- WHAT IS EXPECTED -
Once the line containing "8 Pcs Cookie" is located, output it and every line after it through the end of the records, exactly as written and nothing else.

(Data extracted from a collection)
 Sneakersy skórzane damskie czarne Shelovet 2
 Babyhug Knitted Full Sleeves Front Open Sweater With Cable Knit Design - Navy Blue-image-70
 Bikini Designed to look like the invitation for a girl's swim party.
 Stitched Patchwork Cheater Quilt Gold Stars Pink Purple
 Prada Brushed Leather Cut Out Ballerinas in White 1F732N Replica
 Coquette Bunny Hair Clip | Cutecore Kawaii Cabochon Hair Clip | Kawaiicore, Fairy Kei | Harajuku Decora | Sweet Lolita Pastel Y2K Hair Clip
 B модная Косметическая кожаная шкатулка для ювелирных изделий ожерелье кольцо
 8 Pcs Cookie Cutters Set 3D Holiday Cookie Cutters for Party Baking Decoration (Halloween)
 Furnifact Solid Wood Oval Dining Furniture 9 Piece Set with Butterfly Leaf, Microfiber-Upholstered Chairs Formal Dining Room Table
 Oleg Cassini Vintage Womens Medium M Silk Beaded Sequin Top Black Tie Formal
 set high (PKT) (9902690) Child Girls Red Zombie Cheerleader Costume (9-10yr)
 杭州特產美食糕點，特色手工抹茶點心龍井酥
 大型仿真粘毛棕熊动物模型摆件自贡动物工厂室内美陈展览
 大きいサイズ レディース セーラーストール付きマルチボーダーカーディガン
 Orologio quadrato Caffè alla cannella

- TASK RESULT -
 8 Pcs Cookie Cutters Set 3D Holiday Cookie Cutters for Party Baking Decoration (Halloween)
 Furnifact Solid Wood Oval Dining Furniture 9 Piece Set with Butterfly Leaf, Microfiber-Upholstered Chairs Formal Dining Room Table
 Oleg Cassini Vintage Womens Medium M Silk Beaded Sequin Top Black Tie Formal
 set high (PKT) (9902690) Child Girls Red Zombie Cheerleader Costume (9-10yr)
 杭州特產美食糕點，特色手工抹茶點心龍井酥
 大型仿真粘毛棕熊动物模型摆件自贡动物工厂室内美陈展览
 大きいサイズ レディース セーラーストール付きマルチボーダーカーディガン
 Orologio quadrato Caffè alla cannella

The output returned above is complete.